Most researchers trying to source CJC-1295 in Sztum quickly find that local retail options are all but absent from local stores. The upside of this online-only market is that serious vendors compete aggressively on their analytical documentation, giving researchers more rigorous quality data than any physical store could provide. Vendors worth sourcing from openly share batch-matched Certificates of Analysis containing HPLC purity analysis, mass spec identity confirmation, endotoxin levels, and residual solvent results — all for the precise product run you are purchasing. The sections below cover what Sztum researchers need to know about purchasing, testing, and working with CJC-1295 for scientific research use.
The Science Behind CJC-1295
The selectivity profile of different GHS compounds is a critical research consideration. GHRP-6 and GHRP-2 produce GH release alongside cortisol and prolactin elevation — a confounding factor in research designs where these hormones are outcome variables. Ipamorelin was specifically developed for greater GH-release selectivity with minimal cortisol and prolactin elevation, making it more suitable for research designs where GH-specific effects need to be isolated. Hexarelin has the strongest GH-releasing potency in the GHRP class but also the most significant cortisol and prolactin effects. For Sztum researchers designing GH-axis studies, compound selection based on this selectivity profile should precede protocol finalization.
Sourcing Research-Grade CJC-1295
Assessing CJC-1295 vendors begins with the COA: request the batch-specific certificate prior to buying, not after. When reviewing a CJC-1295 COA, verify: the batch number corresponds to your vial, HPLC purity is ≥98%, mass spec confirms the correct peptide, and endotoxin levels are below the threshold for research use. Signs of a credible vendor beyond COA quality: documented vendor history spanning multiple years, customer service that can discuss analytical methods, and shipping with desiccant and appropriate cold protection. The lyophilised (freeze-dried) form of CJC-1295 is always preferable to liquid pre-made solutions — lyophilised powder maintains stability for years when frozen, while liquid preparations lose activity within weeks.
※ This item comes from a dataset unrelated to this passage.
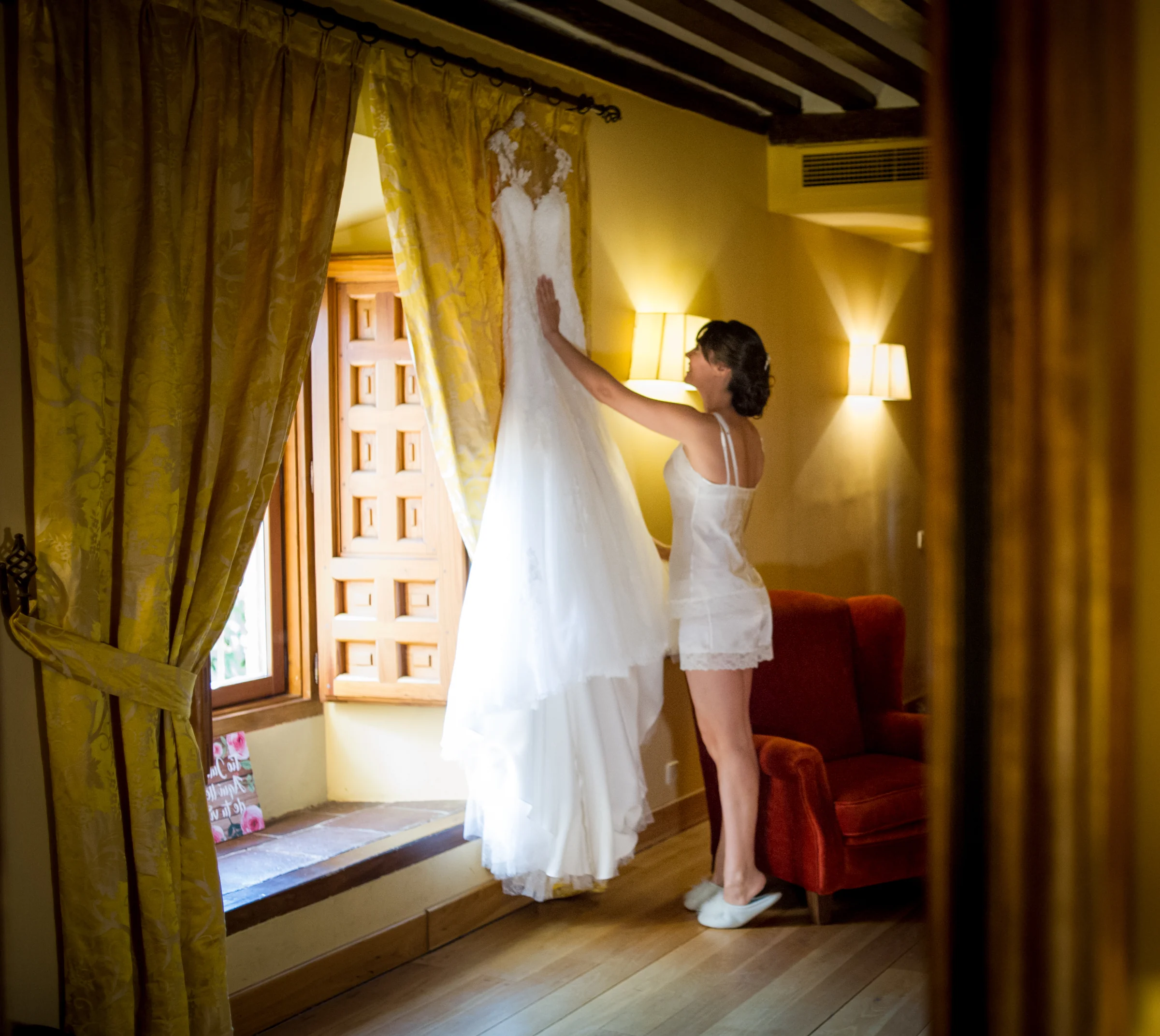 Novia levantando su vestido junto a una ventana durante los preparativos.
Order CJC-1295 — ships to Sztum
COA-verified · International tracking · Research grade
Research compound status for CJC-1295 means risk characterisation relies on animal studies, in-vitro work, and limited human observations — rather than the comprehensive clinical trial data that characterises approved medications. Proper handling of CJC-1295 requires careful sterile procedure — prep pad-cleaned septum, single-use needles, uncontaminated workspace — and temperature control throughout the entire workflow. Verify the endotoxin level in your CJC-1295 batch COA before any injectable research application — look for results expressed as EU/mg or EU/mL and confirm they fall within appropriate thresholds. PubMed and related preprint servers represent the most comprehensive research databases for CJC-1295 research; focus on peer-reviewed publications with documented compound quality over conference abstracts or single case observations.
Frequently Asked Questions
What is the difference between CJC-1295 with DAC and without DAC?
CJC-1295 with DAC uses a lysine-maleimide conjugate to bind covalently to albumin in the bloodstream, extending half-life to ~6-8 days and creating sustained GH elevation. CJC-1295 without DAC (also called Mod GRF 1-29) has a half-life of ~30 minutes and produces acute GH pulses. They produce different GH secretion patterns and have different applications in research.
What purity is required for CJC-1295 research?
CJC-1295 should be ≥98% pure by HPLC. The larger molecular weight of CJC-1295 with DAC (approximately 3647 Da) makes mass spectrometry confirmation particularly important, as impurities may not be obvious on HPLC alone.
What is CJC-1295?
CJC-1295 is a synthetic GHRH (Growth Hormone Releasing Hormone) analogue. The version with DAC (Drug Affinity Complex) has an extended half-life of approximately 6-8 days due to albumin binding. Without DAC, CJC-1295 has a much shorter half-life similar to native GHRH. Both versions stimulate pulsatile GH release via the GHRH receptor.